Feminine Topography, 1995
Plaster, acrylic paint – 180 × 525 × 290 mm
Feminine Topography is an expressive plaster sculpture painted in black and green acrylic, depicting a reclining female figure curled into a fetal position. Grotesque and organic in form, the piece draws a lyrical yet unsettling parallel between body and landscape, merging human anatomy with the topography of nature. The figure evokes the shape of a mountain ridge, a shadowed valley, or the pebble-strewn bed of a woodland stream: here, the female body is not merely represented – it is lived, concealed, and overgrown.

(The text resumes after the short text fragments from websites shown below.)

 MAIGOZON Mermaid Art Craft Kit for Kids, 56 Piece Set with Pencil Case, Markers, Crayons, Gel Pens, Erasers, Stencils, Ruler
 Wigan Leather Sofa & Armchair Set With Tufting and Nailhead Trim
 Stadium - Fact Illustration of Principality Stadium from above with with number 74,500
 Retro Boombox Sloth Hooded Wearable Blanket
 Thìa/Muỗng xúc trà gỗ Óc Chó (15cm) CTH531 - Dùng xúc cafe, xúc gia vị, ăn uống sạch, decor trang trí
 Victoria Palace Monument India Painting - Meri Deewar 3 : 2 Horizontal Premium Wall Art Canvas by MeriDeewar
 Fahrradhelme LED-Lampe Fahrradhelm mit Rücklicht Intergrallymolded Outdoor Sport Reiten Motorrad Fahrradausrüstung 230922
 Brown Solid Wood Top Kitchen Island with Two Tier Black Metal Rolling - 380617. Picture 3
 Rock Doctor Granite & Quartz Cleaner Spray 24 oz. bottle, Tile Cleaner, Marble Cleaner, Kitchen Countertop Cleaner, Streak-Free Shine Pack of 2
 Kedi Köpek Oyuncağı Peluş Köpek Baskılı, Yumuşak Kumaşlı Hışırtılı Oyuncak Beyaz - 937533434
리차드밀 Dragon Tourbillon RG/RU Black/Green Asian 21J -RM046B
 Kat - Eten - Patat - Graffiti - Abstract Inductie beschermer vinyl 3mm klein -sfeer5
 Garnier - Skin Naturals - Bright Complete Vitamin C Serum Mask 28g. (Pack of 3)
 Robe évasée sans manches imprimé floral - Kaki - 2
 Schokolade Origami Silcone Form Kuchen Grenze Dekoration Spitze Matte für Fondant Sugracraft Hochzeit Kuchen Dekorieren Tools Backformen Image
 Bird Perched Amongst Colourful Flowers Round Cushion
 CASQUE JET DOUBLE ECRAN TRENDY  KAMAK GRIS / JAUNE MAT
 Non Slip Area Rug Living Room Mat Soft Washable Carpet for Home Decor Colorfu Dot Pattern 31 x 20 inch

The work originates in the artist’s personal experience of inhabiting an anorexic body – an ongoing struggle between control and surrender, between the pursuit of thinness and the inescapable markers of femininity. Despite intense efforts at self-erasure through starvation, exercise, and purging, the artist’s body retained its full hips and feminine curves. The sculpture reflects this paradox: devoid of secondary sex characteristics such as breasts, hair, or genitalia, it nonetheless exudes a deep femininity. Emphasis is placed on the hips and waist, where soft, undulating lines assert their presence with archaic power, resisting all attempts at elimination. This body is not an object but a terrain – an entity curled in survival, blending into its environment like a dark mountain cloaked in forests and streams.
Feminine Topography embodies a stark duality: it radiates both calm, like a sleeping animal, and alarm, like a creature curled in fear. The tension between serenity and anxiety, beauty and distortion, concealment and monumentality animates the work. Despite its modest scale, the figure conveys a monumental presence – echoing the artist’s past distorted self-image, in which even a severely emaciated body still appeared excessive and cumbersome.
More than a personal confession, the sculpture offers a sensitive reflection on the social and internalized perceptions of the female body – its malleability and its resistance. Feminine Topography presents a closed yet cosmically resonant universe: a landscape shaped by the body, where fragility becomes a form of strength.